(How to complete this task) An exact copy is needed of the lines in the entries below from the line with "단축하는 서울시 이미지" up to and including the line with "Freiwillige feuerwehr der", and of nothing else. Leave the pictures out.

Data extracted from a collection:
□ □ □
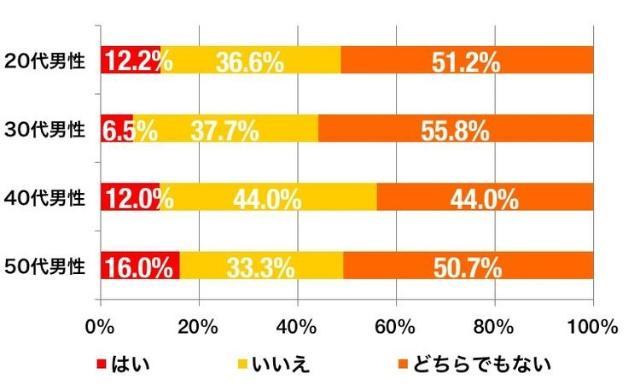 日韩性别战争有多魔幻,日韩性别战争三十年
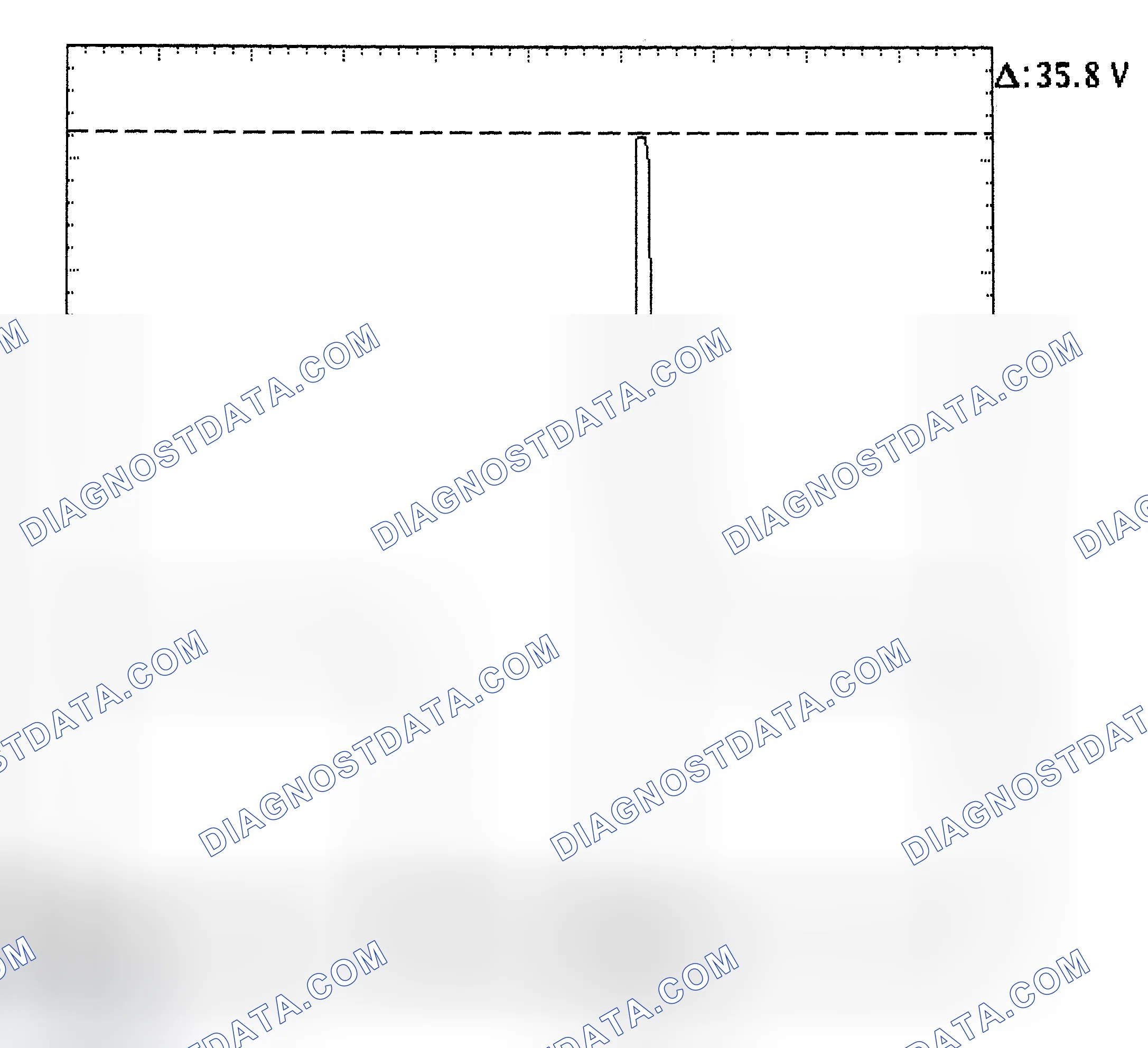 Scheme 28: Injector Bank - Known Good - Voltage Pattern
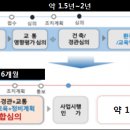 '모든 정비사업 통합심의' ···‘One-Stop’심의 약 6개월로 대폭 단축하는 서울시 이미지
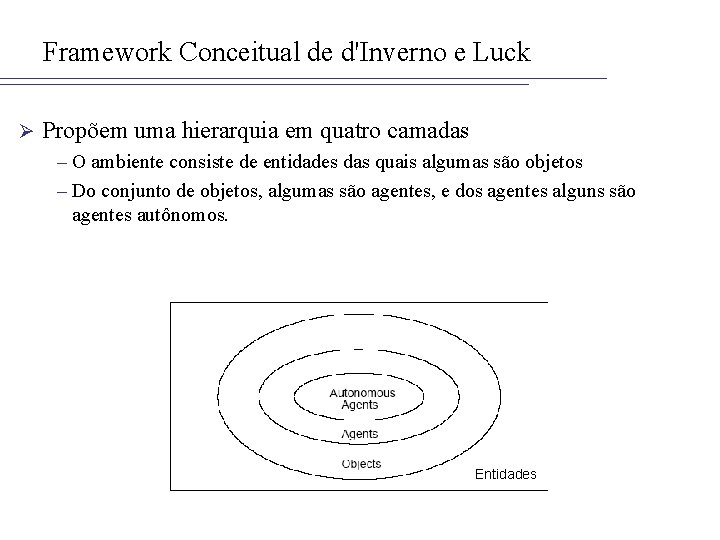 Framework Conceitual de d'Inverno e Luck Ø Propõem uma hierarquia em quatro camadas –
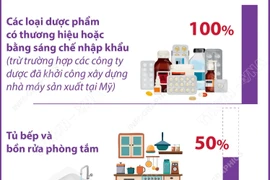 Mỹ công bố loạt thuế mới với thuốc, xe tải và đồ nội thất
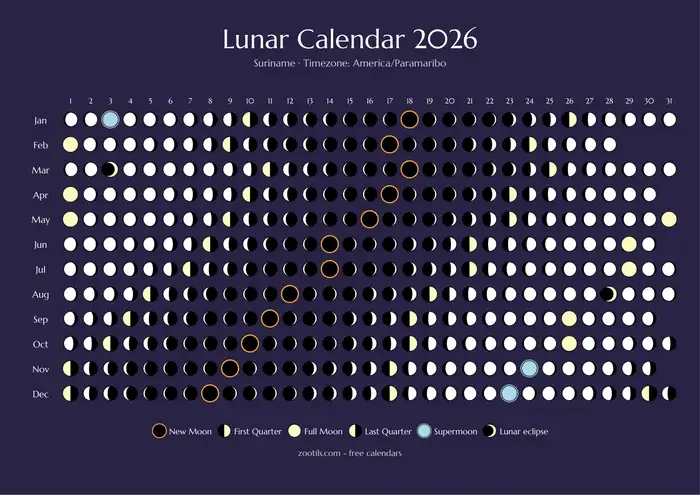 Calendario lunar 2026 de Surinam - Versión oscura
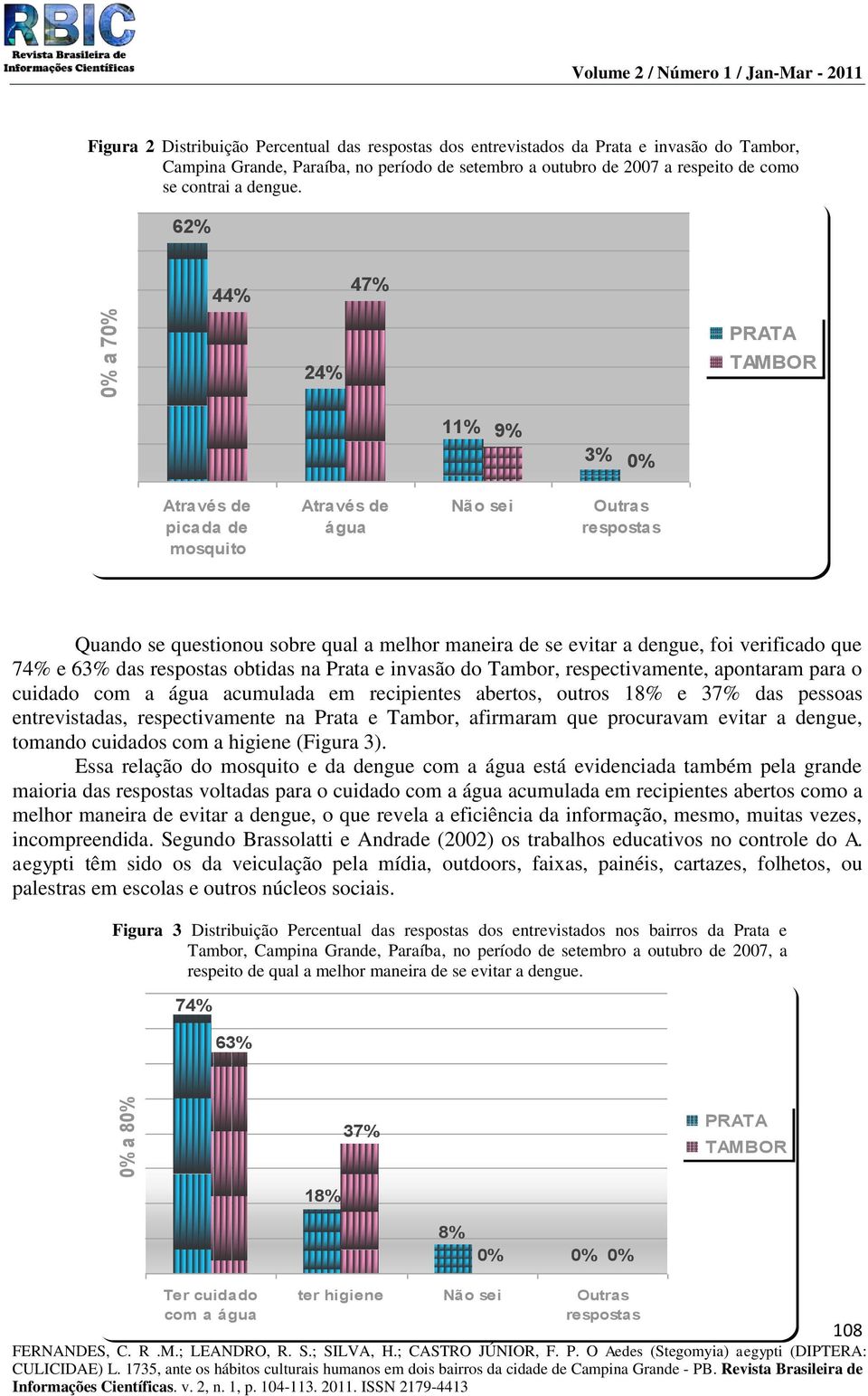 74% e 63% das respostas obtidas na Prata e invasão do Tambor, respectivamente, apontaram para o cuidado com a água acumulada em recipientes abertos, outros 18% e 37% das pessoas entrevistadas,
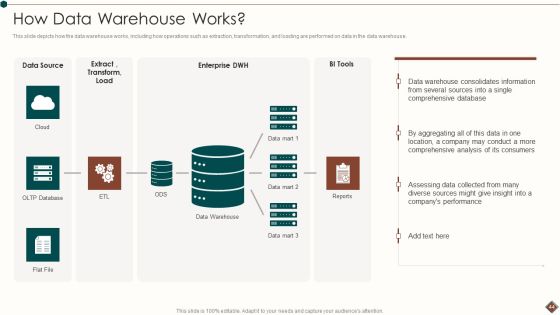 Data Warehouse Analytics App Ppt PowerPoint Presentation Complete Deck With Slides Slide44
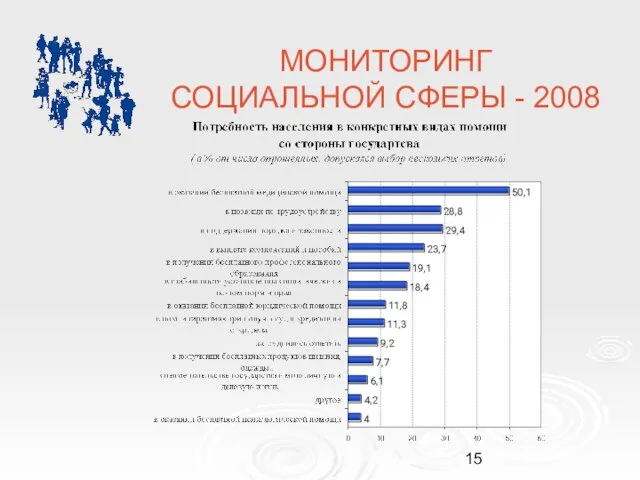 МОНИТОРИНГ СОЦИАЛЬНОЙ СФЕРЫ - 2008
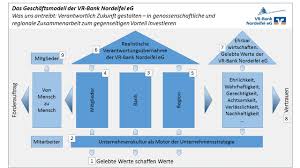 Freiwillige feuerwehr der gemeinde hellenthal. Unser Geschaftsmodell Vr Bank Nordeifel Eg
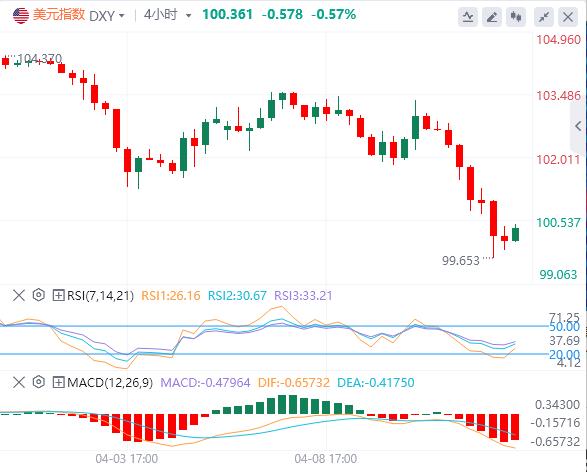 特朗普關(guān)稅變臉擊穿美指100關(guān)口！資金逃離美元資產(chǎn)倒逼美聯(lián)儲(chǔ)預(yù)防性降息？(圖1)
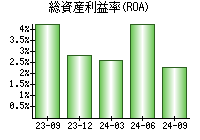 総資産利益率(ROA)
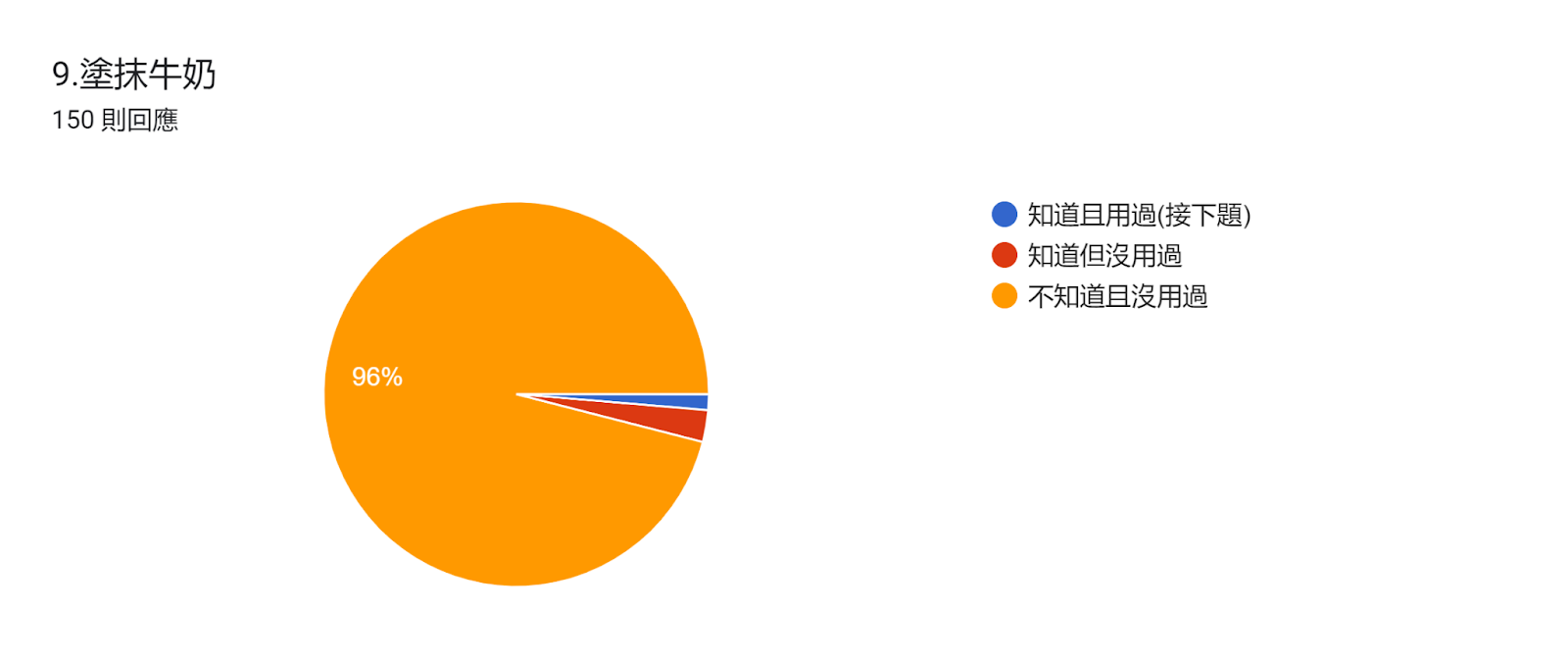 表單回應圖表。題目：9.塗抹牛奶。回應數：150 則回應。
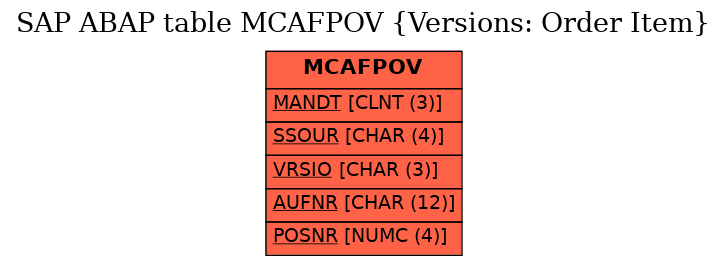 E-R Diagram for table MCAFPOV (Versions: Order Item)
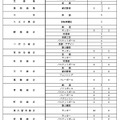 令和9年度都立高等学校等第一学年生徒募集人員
□ □ □
(Solved exercise)
 '모든 정비사업 통합심의' ···‘One-Stop’심의 약 6개월로 대폭 단축하는 서울시 이미지
 Framework Conceitual de d'Inverno e Luck Ø Propõem uma hierarquia em quatro camadas –
 Mỹ công bố loạt thuế mới với thuốc, xe tải và đồ nội thất
 Calendario lunar 2026 de Surinam - Versión oscura
 74% e 63% das respostas obtidas na Prata e invasão do Tambor, respectivamente, apontaram para o cuidado com a água acumulada em recipientes abertos, outros 18% e 37% das pessoas entrevistadas,
 Data Warehouse Analytics App Ppt PowerPoint Presentation Complete Deck With Slides Slide44
 МОНИТОРИНГ СОЦИАЛЬНОЙ СФЕРЫ - 2008
 Freiwillige feuerwehr der gemeinde hellenthal. Unser Geschaftsmodell Vr Bank Nordeifel Eg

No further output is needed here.